┌─ AVAILABLE DATA
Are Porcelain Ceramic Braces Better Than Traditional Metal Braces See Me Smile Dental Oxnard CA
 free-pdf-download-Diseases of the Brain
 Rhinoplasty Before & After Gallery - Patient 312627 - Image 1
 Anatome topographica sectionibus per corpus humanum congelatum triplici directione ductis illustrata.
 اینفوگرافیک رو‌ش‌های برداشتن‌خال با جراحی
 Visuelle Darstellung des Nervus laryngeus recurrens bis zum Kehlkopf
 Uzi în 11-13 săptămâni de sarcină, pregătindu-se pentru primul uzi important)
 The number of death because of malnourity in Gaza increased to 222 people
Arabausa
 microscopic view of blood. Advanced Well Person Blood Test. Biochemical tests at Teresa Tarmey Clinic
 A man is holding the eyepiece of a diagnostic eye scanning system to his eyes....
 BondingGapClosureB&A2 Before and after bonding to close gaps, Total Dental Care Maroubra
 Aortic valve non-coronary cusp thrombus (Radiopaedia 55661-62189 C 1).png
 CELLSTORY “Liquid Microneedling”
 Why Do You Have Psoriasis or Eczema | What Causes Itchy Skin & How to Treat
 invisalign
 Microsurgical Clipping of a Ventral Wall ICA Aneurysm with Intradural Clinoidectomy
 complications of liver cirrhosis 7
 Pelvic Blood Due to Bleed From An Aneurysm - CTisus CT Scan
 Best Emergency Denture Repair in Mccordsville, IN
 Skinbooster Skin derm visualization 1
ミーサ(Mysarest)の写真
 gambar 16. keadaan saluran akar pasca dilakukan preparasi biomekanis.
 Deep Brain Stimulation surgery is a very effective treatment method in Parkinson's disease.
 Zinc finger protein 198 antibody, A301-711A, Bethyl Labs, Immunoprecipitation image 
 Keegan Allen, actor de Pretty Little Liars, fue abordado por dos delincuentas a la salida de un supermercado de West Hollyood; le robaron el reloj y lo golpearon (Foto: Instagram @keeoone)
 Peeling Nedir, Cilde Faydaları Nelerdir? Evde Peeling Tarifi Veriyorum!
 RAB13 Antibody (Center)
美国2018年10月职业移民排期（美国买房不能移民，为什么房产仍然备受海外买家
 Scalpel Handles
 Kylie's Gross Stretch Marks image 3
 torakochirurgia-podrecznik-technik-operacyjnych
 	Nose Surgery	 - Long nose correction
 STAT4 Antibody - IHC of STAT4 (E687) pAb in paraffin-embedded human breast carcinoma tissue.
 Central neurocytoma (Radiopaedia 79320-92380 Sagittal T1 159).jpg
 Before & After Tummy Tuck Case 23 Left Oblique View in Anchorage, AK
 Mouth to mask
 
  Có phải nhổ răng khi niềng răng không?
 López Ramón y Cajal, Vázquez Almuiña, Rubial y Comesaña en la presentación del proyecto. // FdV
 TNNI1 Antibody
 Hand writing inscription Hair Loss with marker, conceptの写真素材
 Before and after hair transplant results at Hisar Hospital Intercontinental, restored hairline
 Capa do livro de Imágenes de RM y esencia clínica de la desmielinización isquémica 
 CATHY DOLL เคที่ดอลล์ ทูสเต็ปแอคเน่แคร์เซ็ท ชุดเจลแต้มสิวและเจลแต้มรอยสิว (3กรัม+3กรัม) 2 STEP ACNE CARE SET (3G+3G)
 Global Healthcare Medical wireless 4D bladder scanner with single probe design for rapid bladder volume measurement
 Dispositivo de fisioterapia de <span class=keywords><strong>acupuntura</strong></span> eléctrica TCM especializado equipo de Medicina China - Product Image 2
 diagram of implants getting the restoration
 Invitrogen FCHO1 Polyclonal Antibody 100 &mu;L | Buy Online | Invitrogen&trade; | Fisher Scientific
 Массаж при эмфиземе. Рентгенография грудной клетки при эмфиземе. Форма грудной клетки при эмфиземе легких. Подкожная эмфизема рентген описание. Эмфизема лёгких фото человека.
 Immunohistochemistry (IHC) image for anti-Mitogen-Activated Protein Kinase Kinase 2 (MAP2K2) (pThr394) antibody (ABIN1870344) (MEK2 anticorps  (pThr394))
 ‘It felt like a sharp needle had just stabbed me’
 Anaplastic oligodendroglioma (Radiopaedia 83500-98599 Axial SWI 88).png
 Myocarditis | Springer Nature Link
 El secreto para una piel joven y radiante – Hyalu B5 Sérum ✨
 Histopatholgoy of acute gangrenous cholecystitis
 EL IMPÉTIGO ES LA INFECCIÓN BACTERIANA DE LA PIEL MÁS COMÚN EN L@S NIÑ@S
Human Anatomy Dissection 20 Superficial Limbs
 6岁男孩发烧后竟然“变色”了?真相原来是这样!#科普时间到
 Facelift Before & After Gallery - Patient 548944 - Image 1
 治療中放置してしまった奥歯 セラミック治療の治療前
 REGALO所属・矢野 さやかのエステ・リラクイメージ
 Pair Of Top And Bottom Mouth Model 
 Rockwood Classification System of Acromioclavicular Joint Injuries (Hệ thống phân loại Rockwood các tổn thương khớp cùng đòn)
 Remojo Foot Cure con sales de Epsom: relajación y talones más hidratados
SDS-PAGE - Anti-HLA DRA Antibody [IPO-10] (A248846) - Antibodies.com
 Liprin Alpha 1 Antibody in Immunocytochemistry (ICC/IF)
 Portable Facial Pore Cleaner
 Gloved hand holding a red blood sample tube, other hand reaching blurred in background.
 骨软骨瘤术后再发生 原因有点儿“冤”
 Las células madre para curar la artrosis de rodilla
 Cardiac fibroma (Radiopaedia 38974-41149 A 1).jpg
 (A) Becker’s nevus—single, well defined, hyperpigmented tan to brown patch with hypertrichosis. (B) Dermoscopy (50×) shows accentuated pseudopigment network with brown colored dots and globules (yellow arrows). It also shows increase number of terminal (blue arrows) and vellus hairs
└─
**ASSIGNMENT**
Among the entries above, the line containing "Anaplastic oligodendroglioma (Radiopaedia", the line containing "Histopatholgoy of acute", and all lines between them are to be restated word for word; nothing else belongs in the reply.

**ANSWER**
 Anaplastic oligodendroglioma (Radiopaedia 83500-98599 Axial SWI 88).png
 Myocarditis | Springer Nature Link
 El secreto para una piel joven y radiante – Hyalu B5 Sérum ✨
 Histopatholgoy of acute gangrenous cholecystitis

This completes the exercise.